Task description: For the records that follow, work out how many lines include "Sets" and give only that count.

Working data:
────────────────
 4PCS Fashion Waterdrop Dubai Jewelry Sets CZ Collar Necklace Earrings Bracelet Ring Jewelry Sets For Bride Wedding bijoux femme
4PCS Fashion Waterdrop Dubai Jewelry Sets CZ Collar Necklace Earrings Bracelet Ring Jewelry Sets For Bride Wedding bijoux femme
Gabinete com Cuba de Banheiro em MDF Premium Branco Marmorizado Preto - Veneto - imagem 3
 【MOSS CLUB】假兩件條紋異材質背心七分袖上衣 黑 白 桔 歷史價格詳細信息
────────────────
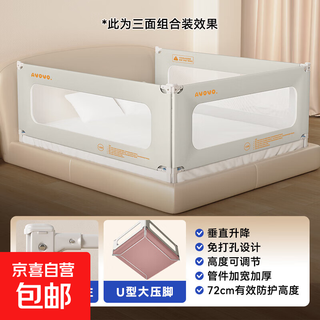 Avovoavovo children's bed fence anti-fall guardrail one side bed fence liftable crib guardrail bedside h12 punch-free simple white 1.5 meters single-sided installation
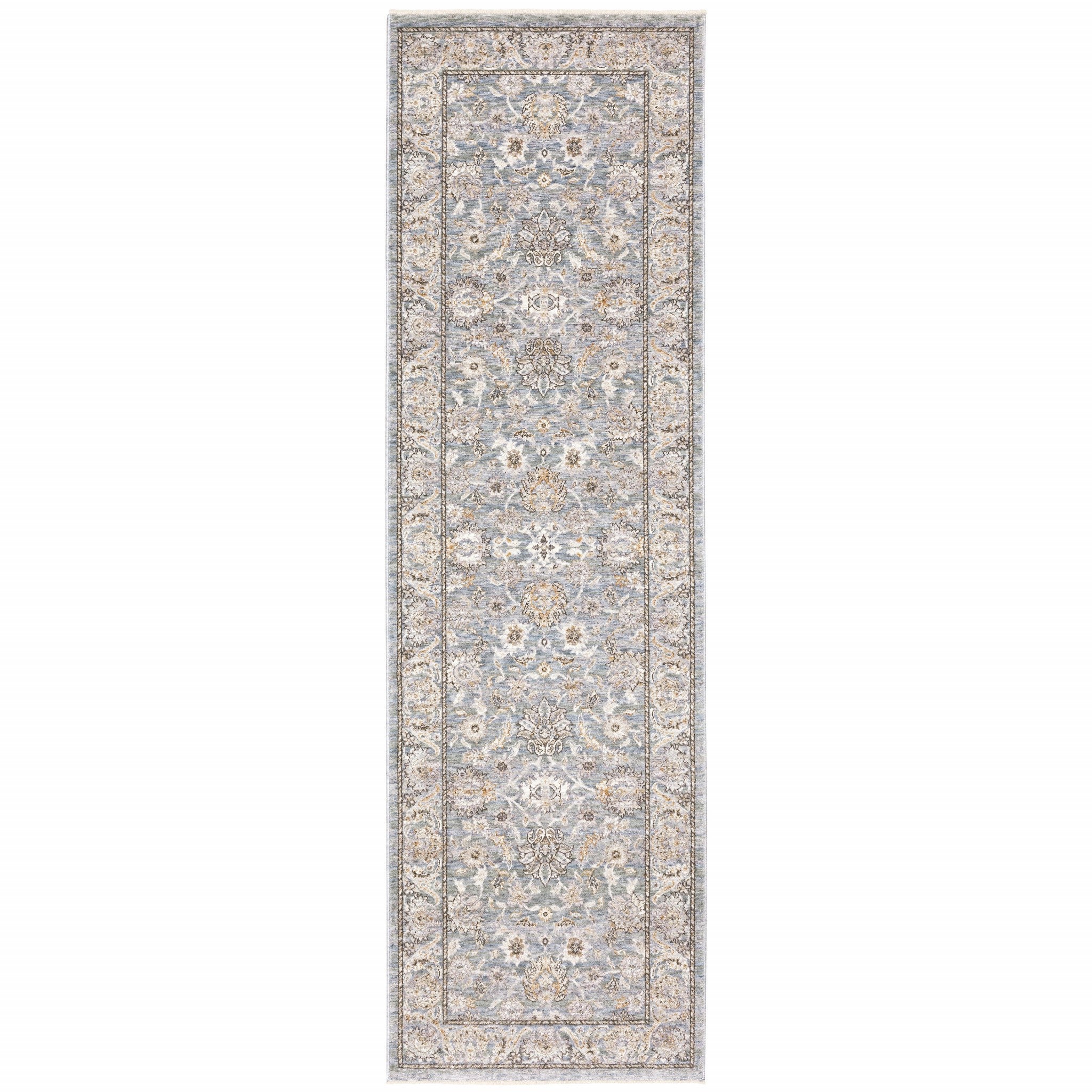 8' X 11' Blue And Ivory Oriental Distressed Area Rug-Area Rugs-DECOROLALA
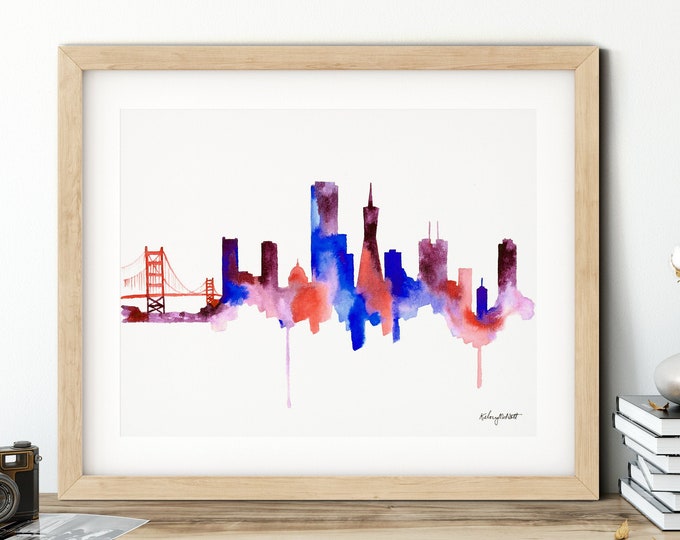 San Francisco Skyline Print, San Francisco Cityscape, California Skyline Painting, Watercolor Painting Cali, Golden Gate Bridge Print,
────────────────
Task output: 2